Além disso, a equipe demonstra explicitamente como a afirmação da superioridade das práticas, conceitos e currículos psiquiátricos ocidentais é comparável a uma lógica colonial. Nos séculos 18 e 19, a racionalidade ocidental foi vista como a melhor posicionada para capturar verdades sobre o mundo natural e as experiências humanas. Esta lógica justificava a imposição de formas de ver e compreender o mundo por parte dos colonizadores, bem como a erradicação de qualquer contradição.

Bracken e equipe conectam esta história colonial com o campo da psiquiatria:

“Uma arrogância semelhante moldou o pensamento e a prática da psiquiatria…., abraçou uma linguagem de patologia, esteve preocupada em criar uma tipologia de experiência humana utilizando sistemas de classificação semelhantes aos utilizados nas ciências naturais, adotou formas reducionistas de explicação, e deu prioridade à supressão de sintomas e à prevenção de riscos”.

Eles continuam:

“Acreditamos que esta agenda decorre de uma forma de encontrar ‘alteridade’ que tem uma ressonância profunda com o projeto colonial”.

Repensar os valores do Iluminismo não é rejeitar a razão, argumentam Bracken e colegas. Pelo contrário, o pensamento crítico implica em reconhecer que “a razão não é um fenômeno singular”. Há diferentes maneiras de enquadrar e responder à dor. Eles destacam como a erudição pós-colonial e feminista tem exemplificado os modos como o raciocínio ocidental está repleto de limitações e contradições que minam a saúde e a justiça.
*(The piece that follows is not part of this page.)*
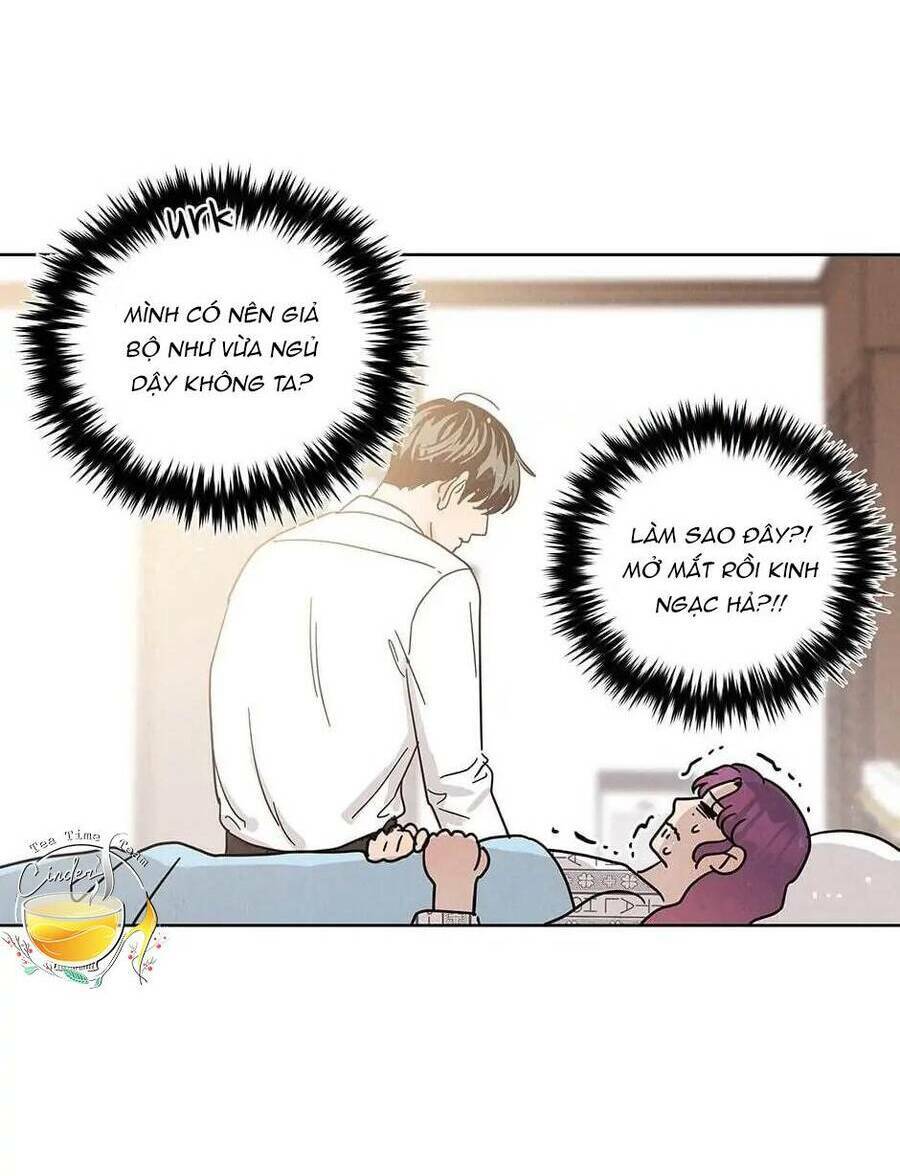 Chào Nhé, Không Làm Thông Gia Nữa Đâu!: Chapter 66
Embora a equipe de psicólogos críticos elogie os compromissos no campo para enfrentar a desigualdade, eles descrevem preocupações de que um repensar fundamental da psiquiatria pode não ser plenamente realizado:

“Nosso receio, baseado na história de tentativas anteriores de nossas instituições para lidar com este assunto, é que tais esforços não se envolvam verdadeiramente com todas as questões aqui apresentadas”.

Bracken e colegas descrevem o que seria apresentado em um processo de descolonização de currículos psiquiátricos. Eles incluem:

  • “Uma aceitação do pensamento crítico como essencial para qualquer forma de prática da saúde mental”. Esta aceitação inclui uma compreensão crítica do próprio sistema de conhecimento, bem como a capacidade de considerar diferentes abordagens e respostas. “
  • “Um passo que vai além do treinamento em ‘competência cultural’, para uma compreensão das fontes estruturais de desvantagem, desigualdade na saúde e sofrimento”.
  • “Uma abordagem não defensiva para ensinar a história de nossa disciplina, incluindo uma apreciação do número de pessoas que sofreram em suas mãos”. Bracken e equipe articulam numerosos exemplos de como a teoria psiquiátrica foi fundada sobre suposições coloniais, racistas e eugênicas (por exemplo, a hipótese de degeneração da esquizofrenia). Eles encorajam os currículos que apresentam formas não ocidentais de assistência à saúde mental (por exemplo, māristāns do mundo islâmico medieval).
  • “Uma exploração positiva de como, apesar de séculos de silenciamento e opressão, os povos indígenas em todo o mundo desenvolveram formas poderosas de responder a estados de sofrimento que não envolvem a epistemologia da psiquiatria ocidental”. As formas indígenas de saber oferecem, assim, caminhos alternativos de cura que honram os aspectos coletivos, ecológicos e espirituais da experiência, explica a equipe.
  • “Envolvimento com pesquisa e desenvolvimento de serviços que envolvem indivíduos com experiência vivida, redes de sobreviventes e organizações de base [Asiáticas Negras e Etnicamente Minoritárias]”: Um currículo descolonizado lançará luz sobre a hierarquia dominante de pesquisa em saúde mental que continua a desvalorizar as vozes daqueles com experiência vivida de doença mental e o sistema de saúde mental”.
Bracken e colegas resumem:

“A descolonização do currículo psiquiátrico não será fácil e não acontecerá até que superemos as suposições epistemológicas, nosológicas e normativas que estão no cerne da própria psiquiatria”. No entanto, acreditamos que é possível fazer progressos”.

Além da filosofia pós-colonial e feminista, eles apontam para os estudos de loucura, teoria queer, pedagogia e psicologia críticas, psicologias de libertação, práticas não-ocidentais e o trabalho de Frantz Fanon como oferecendo orientação e insight sobre este empreendimento.

“Abraçar o pensamento crítico como uma ferramenta positiva neste esforço será crucial”.